The United Nations General Assembly in 2011 declared 26th September as a day to promote and increase awareness of Environmental Health Practitioners and to project their roles and duties to humanity.

Professor Edward Wiafe, the Dean of the School of Natural and Environmental Sciences, University of Environment and Sustainable Development, who made the call, said the time to prioritise environmental health was now to make the nation healthier.

“As much as the Day is being celebrated on 26th September, 2021 while the new chief executives of the assemblies are being confirmed, I appeal to them to put environmental health issues first on their scale of preference,” he said.

Prof Wiafe said there was the need for government, policymakers and development agents to understand the impact of good environmental health on development and factor same in policy planning.

“Again there is the need to re-look at the management and governance of human settlements to strengthen resilience and preparedness, and support local recovery,” Prof Wiafe said.

He recommended that the assemblies should marshal the required political will to ensure communities became more safe, resilient and sustainable with the appropriate technological measures.

He called for the promotion of urban forestry by incorporating trees in the design and development of cities.

“This will promote carbon sequestration, reduce temperature, and prevent soil sealing while enhancing soil infiltration, which reduces flooding,” he said.

Prof Wiafe said because of an unhealthy environment 12 million people around the world died every year, and that could be prevented.

Environmental pollutants could cause health problems like respiratory and heart diseases and some types of cancers, he said.

“It has been postulated that people with low income are more likely to live in polluted areas and have unsafe drinking water and more so children and pregnant women are at higher risk of health problems related to pollution,” he said.

Prof Wiafe said the work of environmental health officers must be accorded much respect as they exposed themselves to hazards at the expense of their health, adding that their hard work prevented the COVID-19 from having a greater impact on the country.

Madam Florence Kuukyi, the Director of the AMA Public Health Department, said environmental health practitioners ensured a safe, hygienic, and healthy environment for human habitation.

“These practitioners, in their field of work, have a high knowledge of tradition; they are familiar with the risks and know how to get the ‘message’ across to the public.
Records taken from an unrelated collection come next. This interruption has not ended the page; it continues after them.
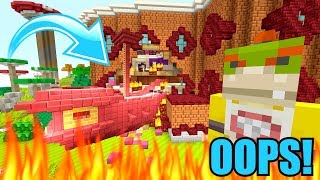 WE CRASHED THE SHIP INTO THE SCHOOL OOPS  Nintendo High School  Minecraft 77 [upl. by Song743]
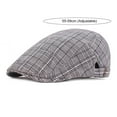 thumbnail image 6 of Newsboy Hat for Men - British Western Style Portable Good-looking Design Men Hat Flat Cap Ivy Gatsby Cabbie Driving Hat for Daily Wear, 6 of 8
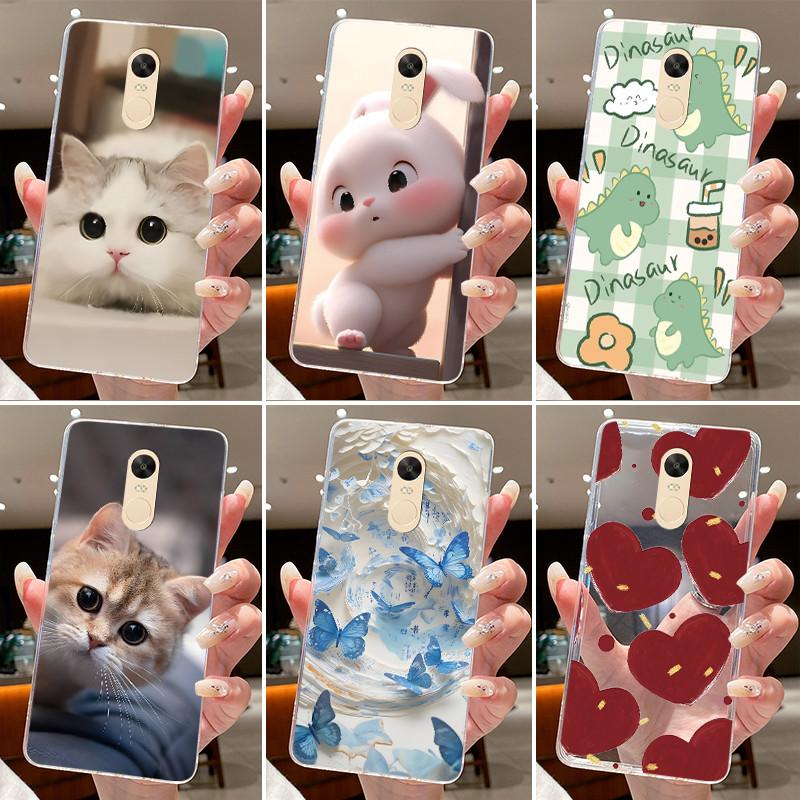Чехол для Xiaomi Redmi Note 4 Note 4x Capa Coque Прозрачный Силиконовый Желе Мягкий ТПУ Задняя Крышка Милый Кролик Кошка Динозавр Чехол для Телефона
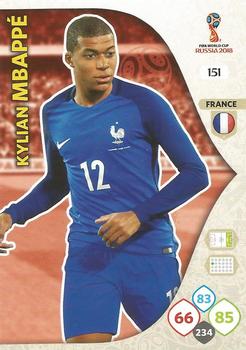 2018 Panini Adrenalyn XL FIFA World Cup 2018 Russia  #151 Kylian Mbappé Front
They think globally and act locally, probably because pollution has no respect for political boundaries,” she said.

Madam Kuukyi said the COVID-19 pandemic had demonstrated the vital role that environmental health practitioners played worldwide and called on the government, civil society and non-governmental organisations, religious bodies, and opinion leaders to prioritise environmental health in their activities.

“It should be noted that with proper environmental health practices the public is prevented from contracting communicable diseases such as typhoid and cholera,” she said.